Sometimes God gives us seasons of illness and pain to remind us how precious life is, and to just stop. be still. wait on the Lord for healing, and just be thankful for the little things in life we can so easily take for granted when everything is going well and we get distracted from what is important in life. Such as glorifying the Lord in EVERY situation He brings us, because it is ALWAYS for our ultimate good, and His glory….yes, even in the hurt, and the days we wake up feeling like our world is falling apart, or too much to bear.
God sees, and is working it all for a beautiful purpose, no matter how messy it is….it is a beautiful mess in His eyes, and that is more than enough. That has brought me so much comfort through the hard times, and even kept my perspective in the right place during the good days recently.
“For I know the thoughts that I think toward you, saith the Lord , thoughts of peace, and not of evil, to give you an expected end. Then shall ye call upon me, and ye shall go and pray unto me, and I will hearken unto you. And ye shall seek me, and find me, when ye shall search for me with all your heart.”
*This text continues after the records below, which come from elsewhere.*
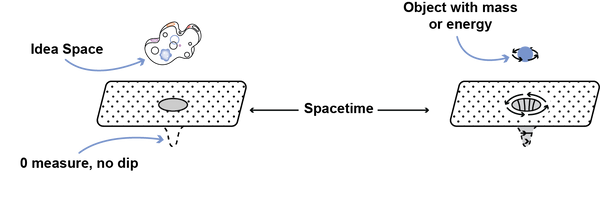 idea space has zero direct effect on spacetime.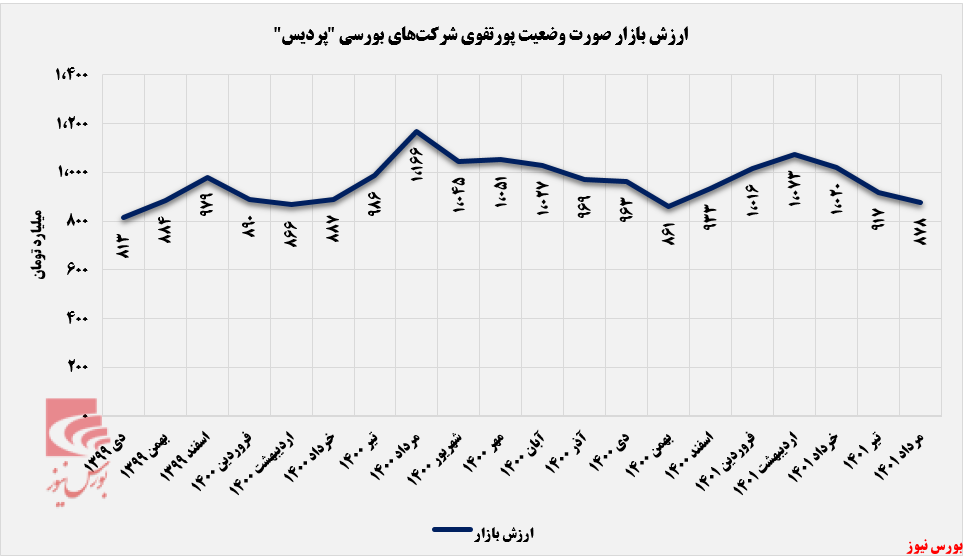 ارزش بازار پردیس بر روی ریل نزولی+بورس نیوز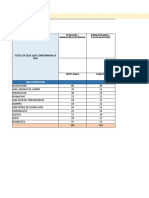 Matriz de Medicamentos 2023-Ppff - MR Huarochiri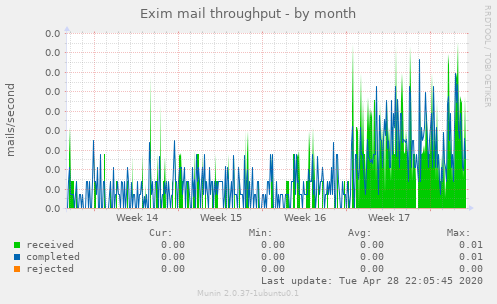 Exim mail throughput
“I will sing of the mercies of the Lord for ever: with my mouth will I make known thy faithfulness to all generations. For I have said, Mercy shall be built up for ever: thy faithfulness shalt thou establish in the very heavens. O Lord God of hosts, who is a strong Lord like unto thee? or to thy faithfulness round about thee? Thou rulest the raging of the sea: when the waves thereof arise, thou stillest them.”
~Psalms 89:1-2, 8-9~
I am so very thankful that the Lord has greatly used my time of sickness to humble me, and give me eyes to see more of His glorious truths in His Word, and apply it in how I live for Him every day. I also thank Him for his healing hand in taking away the Lyme (yes, as of right now it is completely GONE!!!), and a lot of the emotional hardships connected to it also, and starting a fresh new season with joy and hope for the future God has in store.
Haha, wow, well how did I end up preaching all of that just from gardening and talking about my wooly friends!? Sometimes the Lord just places things on my heart to share, and I know this was one of those times…..
The Lord will lift your burdens in His good time, all we can do is pray and rest in His sovereign promises as we go through those hard times and He brings us through the valley, to a season of unexpected blessings, and peace for what lies ahead!
Saying goodbye can be hard and yes even scary and unfamiliar, but changes are always a good thing, and who knows! We may just have sheep again someday in the future again, but for now I am going to enjoy this break, and to venture into other exciting things on the farm, and praise the Lord for every moment He blesses me with on the homestead, serving Him where He has placed me in this little piece of country heaven.